The workflow computes dynamic metadata as:

.. dynamic_data::
  :method: debusine.server.workflows.package_publish::PackagePublishWorkflow.build_dynamic_data

``target_suite`` is looked up relative to this workflow's workspace.  As a
result, it must either be part of this workspace's inheritance chain, or
else be identified by ID (``NNN`` or ``NNN@collections``).

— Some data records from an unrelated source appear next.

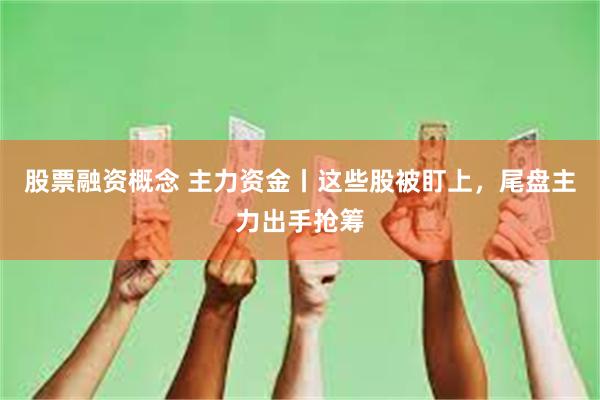 股票融资概念 主力资金丨这些股被盯上，尾盘主力出手抢筹
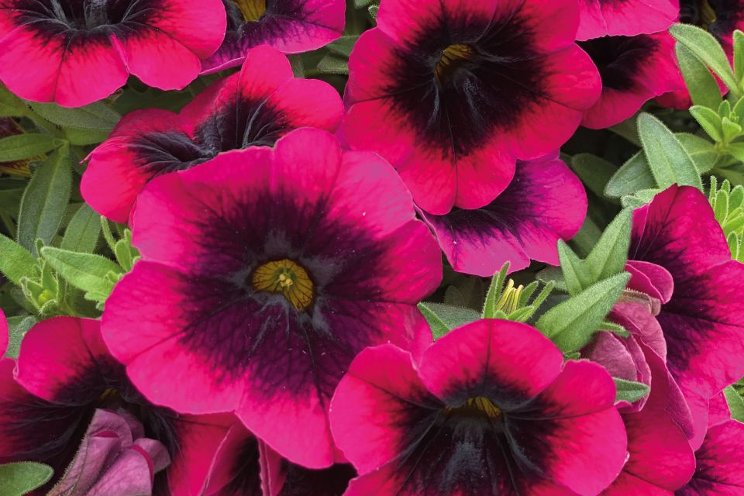 More Viva Magenta varieties to keep color trending More Viva Magenta varieties to keep color trending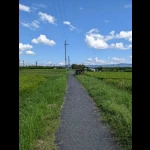 道に転用されている部分（天理軽便鉄道・遺構巡り）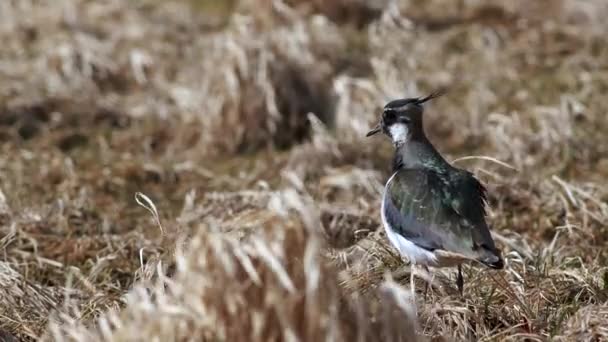 Lapwing High Strong Wind Dry Grass Meadow — Stock Video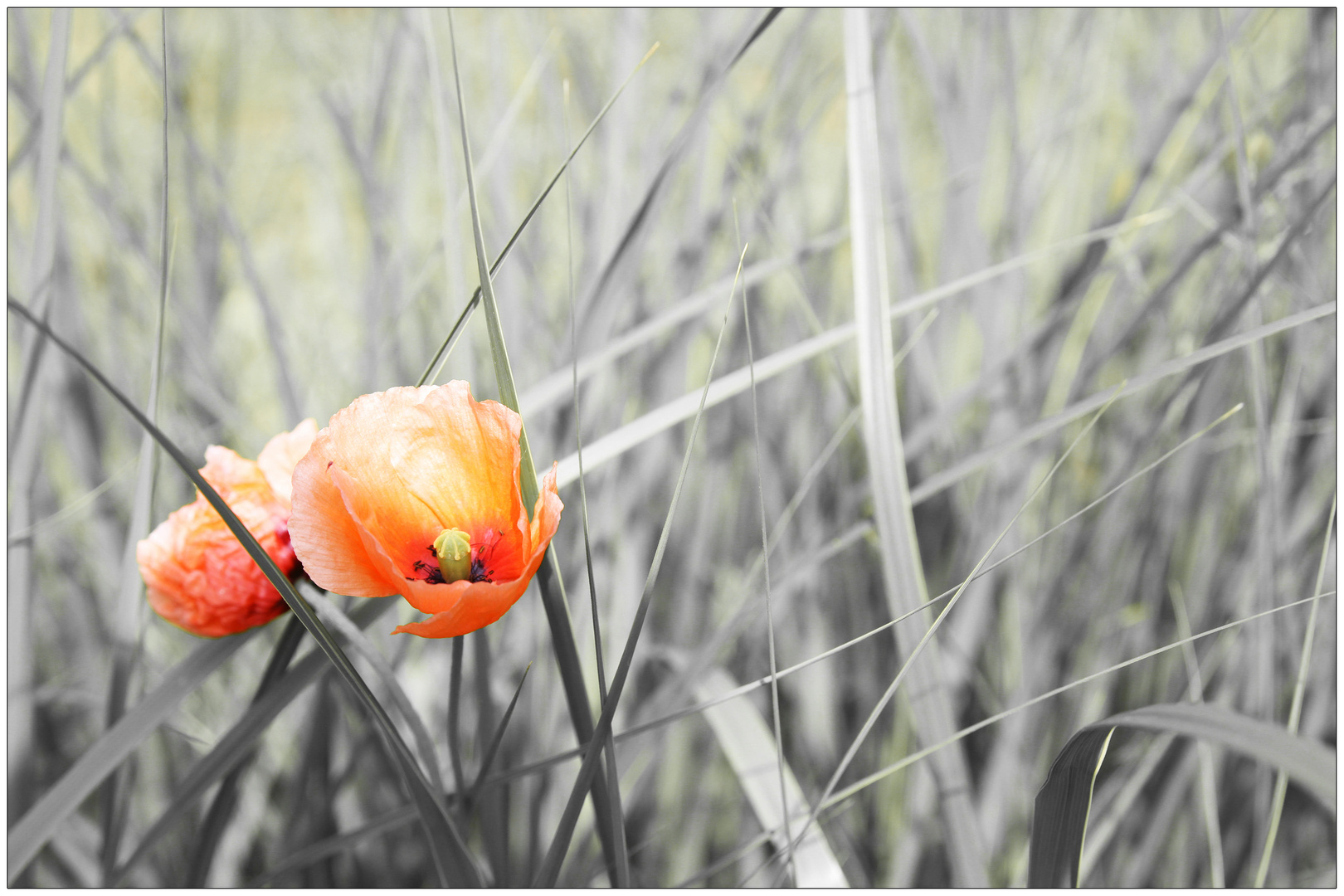 Das Mohn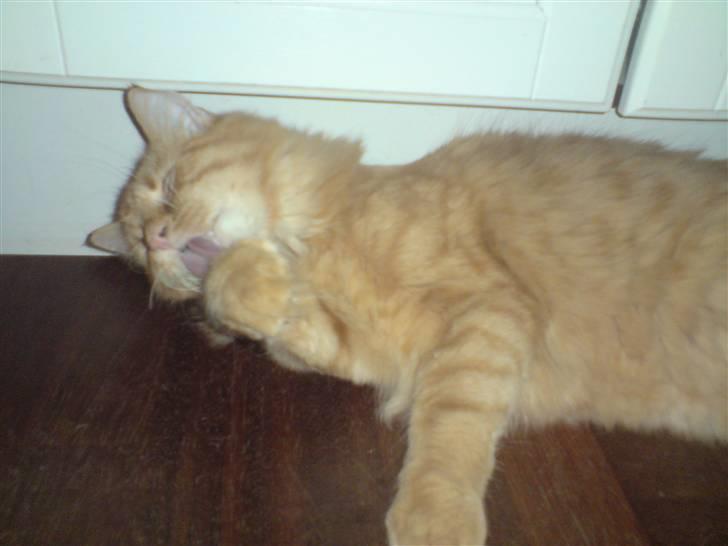 Norsk Skovkat Mickey - midt i afvaskningen...  billede 8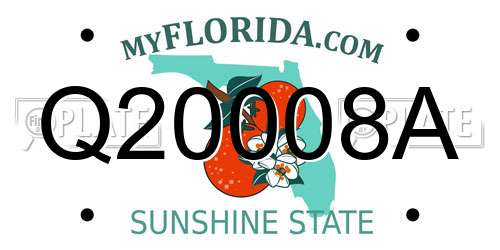Q20008A Florida License Plate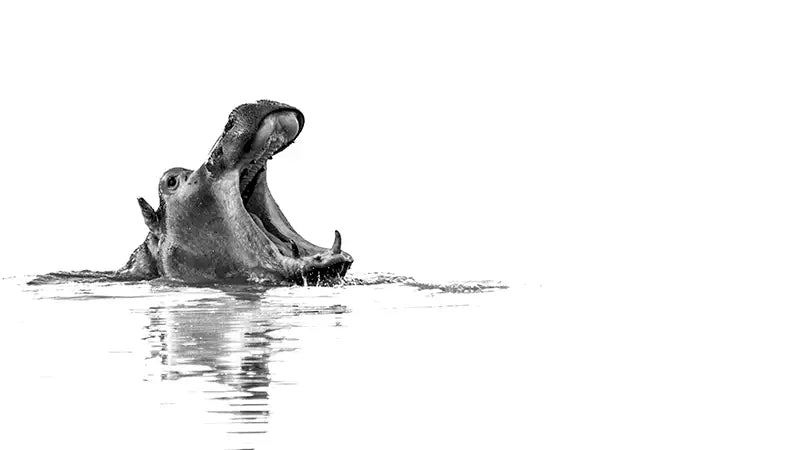 Venturing Into The Wild? Learn from Expert Wildlife Photographers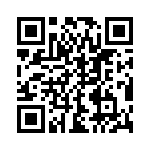 GBC13DREN-S93 QRCode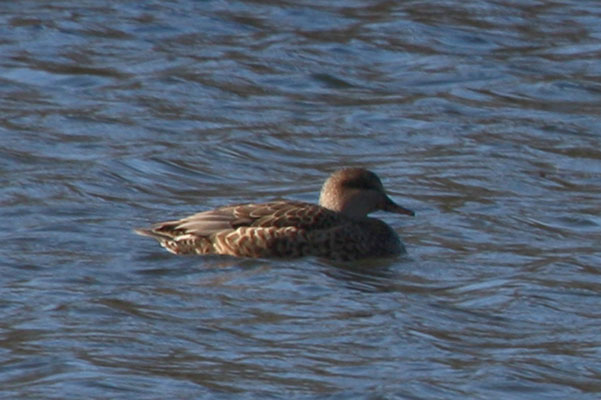 Anas s. strepera - The Gadwall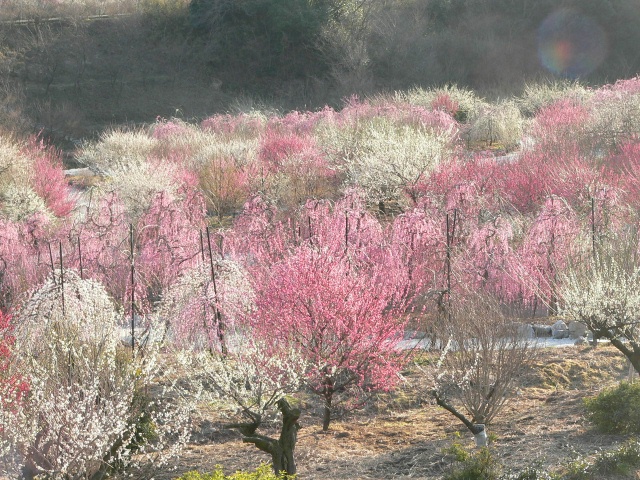 梅林公園　２.jpg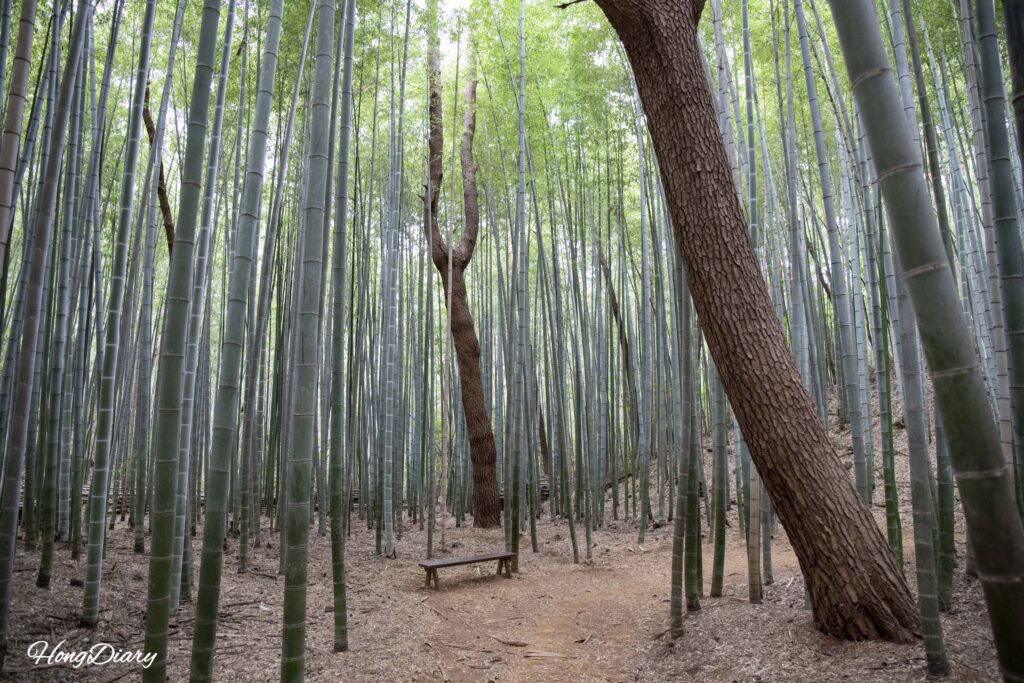 Geumgang pine forest transitioning into bamboo groves at Ahopsan Forest, Gijang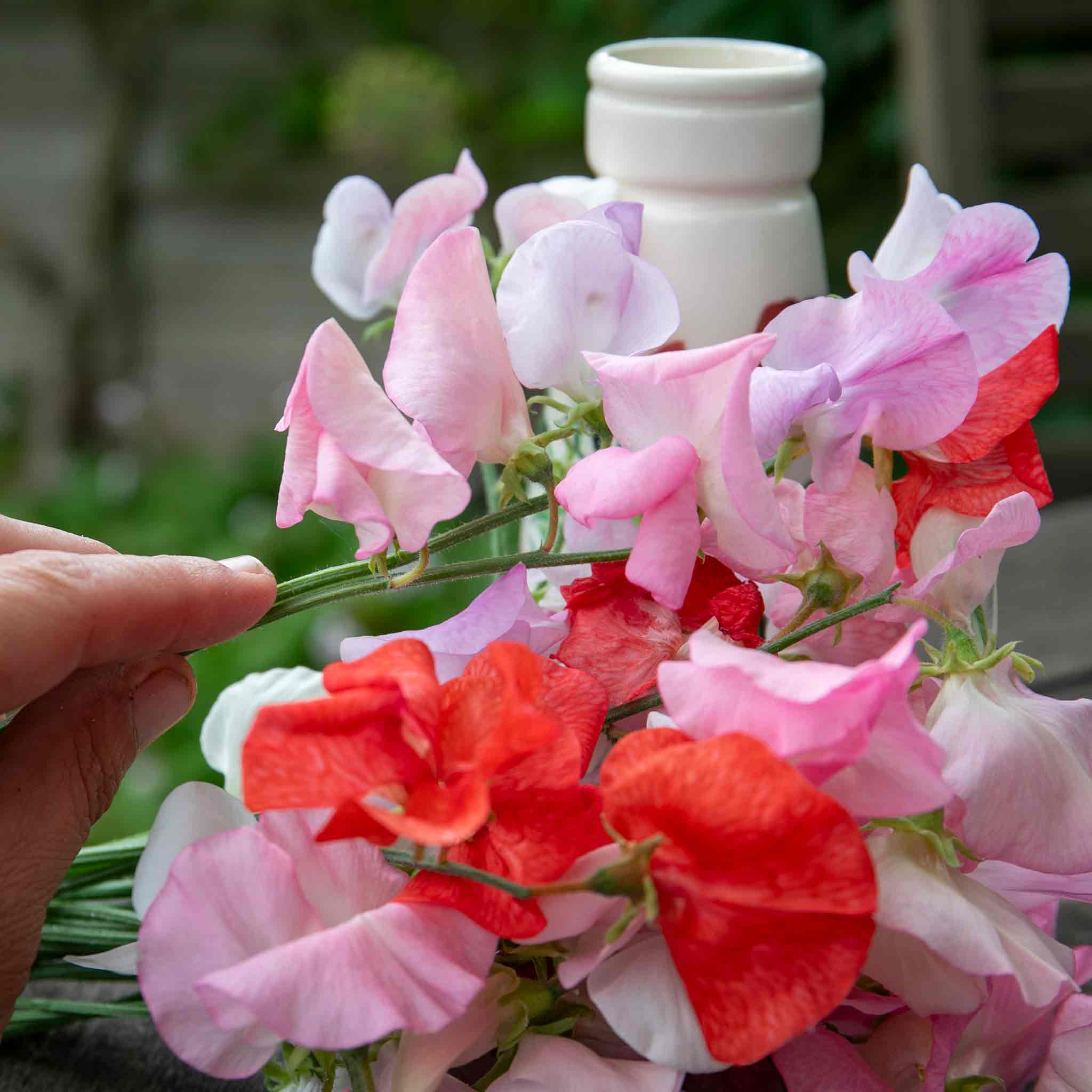Sweet Pea 'Peach Melba' - Image 3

The ``component``, ``section``, and (for binary packages) ``priority``
variables need to be set when adding packages to the target suite.  They are
determined as follows:

* default to the values from the artifact:

  * for a :artifact:`debian:upload` source artifact, use the component and
    section listed for the ``.dsc`` file in the ``.changes`` file
  * for a :artifact:`debian:source-package` source artifact, then its
    component and section defaults are unavailable without unpacking the
    source package, so set the ``component`` to ``main`` and the ``section``
    to ``misc``
  * for a binary artifact, use the `Section
    <https://www.debian.org/doc/debian-policy/ch-controlfields.html#section>`__
    field in the ``.deb`` to set the component and section and the `Priority
    <https://www.debian.org/doc/debian-policy/ch-controlfields.html#priority>`__
    field to set the priority, falling back to ``main``, ``misc``, and
    ``optional`` respectively

* merge in the values from ``suite_variables``, which take priority over the
  defaults above

The workflow creates a :task:`CopyCollectionItems` task.  The ``copies``
field in its task data is as follows:

* ``source_items``: the union of whichever of ``{source_artifact}`` and
  ``{binary_artifacts}`` are set
* ``target_collection``: ``{target_suite}``
* ``unembargo``: ``{unembargo}``
* ``replace``: ``{replace}``
* ``variables``: ``{suite_variables}``

Any of the lookups in ``source_items`` may result in :bare-data:`promises
<debusine:promise>`, and in that case the workflow adds corresponding
dependencies.

If ``binary_artifacts`` is set and the source and target workspaces have
different instances of the :collection:`debian:package-build-logs`
collection, then the workflow also adds an entry to ``copies`` as follows:

* ``source_items``:

  .. code-block:: yaml

      collection: {source build logs collection}
      lookup__same_work_request: {binary_artifacts}

* ``target_collection``: target build logs collection
* ``unembargo``: ``{unembargo}``
* ``replace``: ``{replace}``

If ``binary_artifacts`` is set and the source and target workspaces have
different instances of the :collection:`debusine:task-history` collection,
then the workflow also adds an entry to ``copies`` as follows:

* ``source_items``:

  .. code-block:: yaml

      collection: {source task history collection}
      lookup__same_workflow: {binary_artifacts}

* ``target_collection``: target task history collection
* ``unembargo``: ``{unembargo}``
* ``replace``: ``{replace}``

If ``update_indexes`` is True, then once the :task:`CopyCollectionItems`
task has completed, the workflow triggers an :workflow:`update_suites`
workflow in the target workspace, with ``only_suites`` set to a list
containing the name of the target suite.